Morning Commentary: Junk bonds mixed in post-election trading; bonds of regulated industries gain

By Paul A. Harris

Portland, Ore., Nov. 9 – High-yield bonds were off half a point in early Wednesday trading as the capital markets in the United States digested news of Donald Trump’s victory in the presidential election, a debt capital markets banker said.

High-yield ETFs were lower at mid-morning.

The iShares iBoxx $ High Yield Corporate Bd (HYG) was down 0.28%, or 24 cents, at $85.74 per share. The SPDR Barclays High Yield Bond ETF (JNK), at $36.09 per share, was down 0.39%, or 14 cents.

The capital markets may have been taken by surprise by the Trump victory, but they appear to be holding their water, a market source said, noting that the S&P 500 was flat on the morning.

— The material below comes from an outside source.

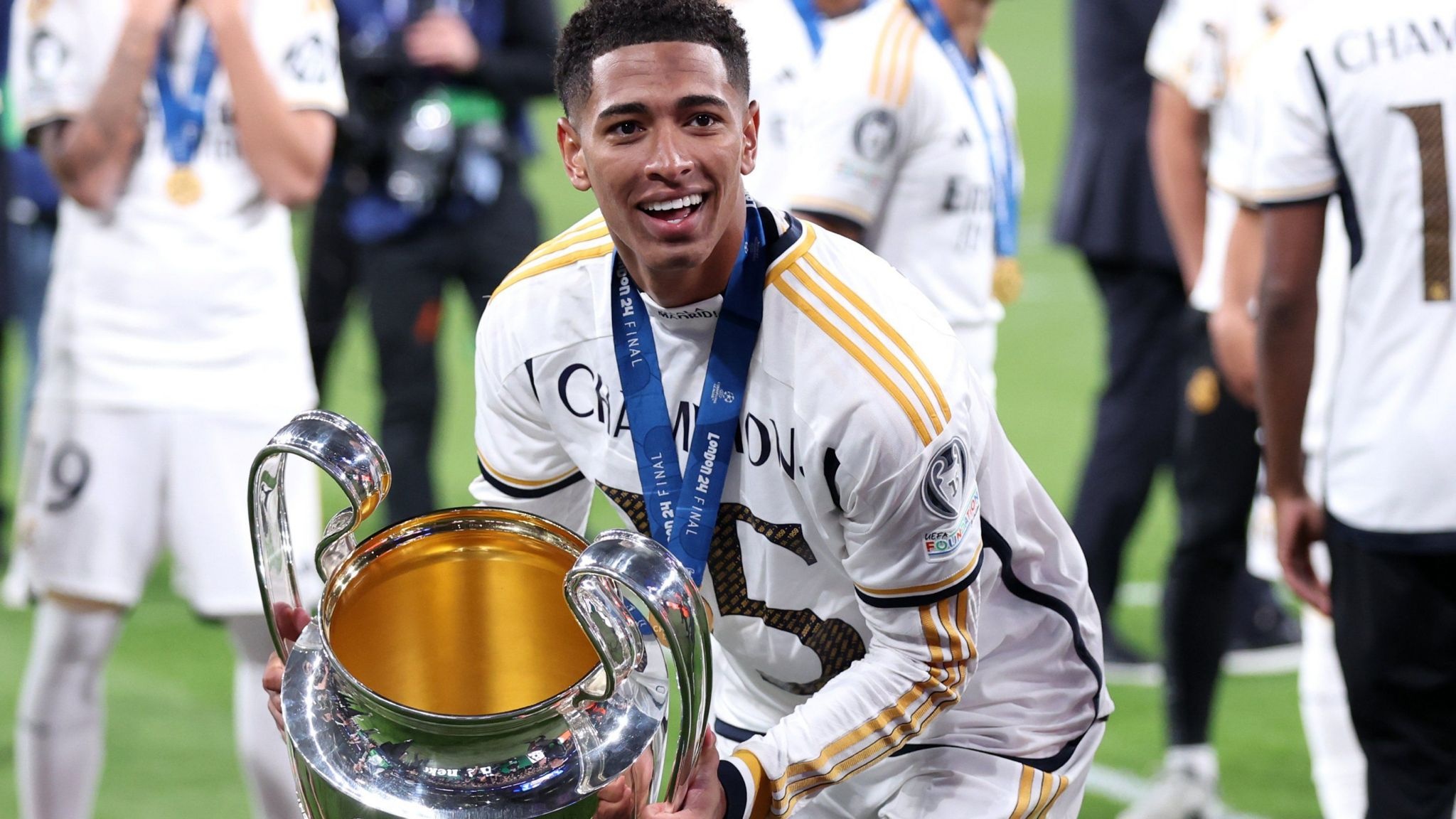 5 cau thu hay nhat anh 10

High-yield bonds in the health care sector were sharply lower as investors contemplate the possibility that a Republican-controlled White House and Congress could repeal the Affordable Care Act.

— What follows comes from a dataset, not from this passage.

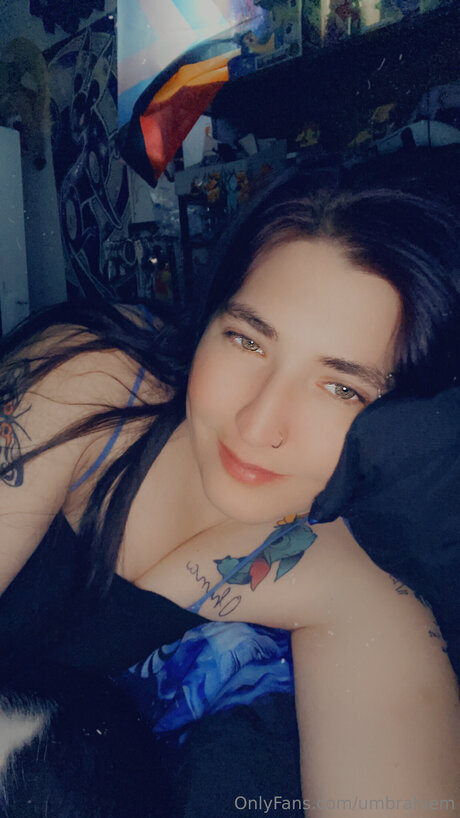 Umbrahiem kostenlose nackten galerie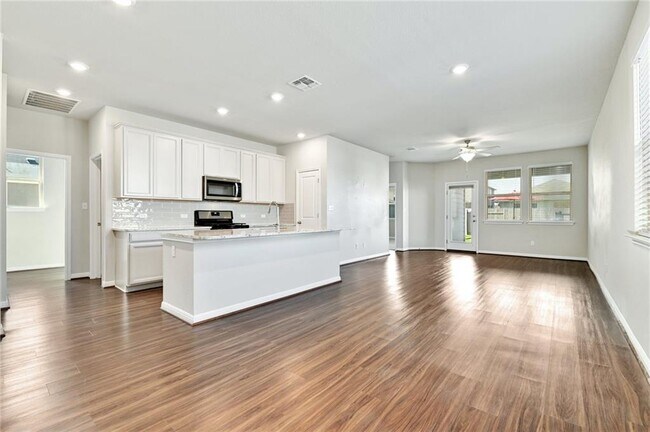 Photo - 125 Otella St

Bonds of Community Health Systems Inc. were down as much as 5%, according to a portfolio manager.

The FWCT-2 Escrow Corp. (Community Health Systems, Inc.) 6 7/8% senior notes due Feb. 1, 2022 were at 72 bid, 73 offered on Wednesday morning, the investor said, noting that the paper traded at 85 on Oct. 25.

Elsewhere in the sector Tenet Healthcare Corp. paper was down as much as 4% and HCA Holdings, Inc. was down as much as 2%.

However there were also winners in the wake of the election, the investor noted, saying that all the highly regulated industries, including energy, telecom and the financials, were better on Wednesday.

Primary quiet

There was no fresh news in the high-yield primary market, sources said.

On Tuesday Telesat Canada downsized its offering of eight-year senior notes (B3/B) to $500 million from $750 million.

Concurrently with the decrease in the notes offer the company upsized its term loan to $2.43 billion from $2.18 billion.

The notes are talked to yield 8¾% to 9%, wider than earlier guidance of 8½% to 8¾%.

There is $800 million in the book for the bond deal, which is in the market via JP. Morgan, Credit Suisse, Goldman Sachs and Morgan Stanley.

Books were scheduled to close this morning, and the deal was set to price later Wednesday.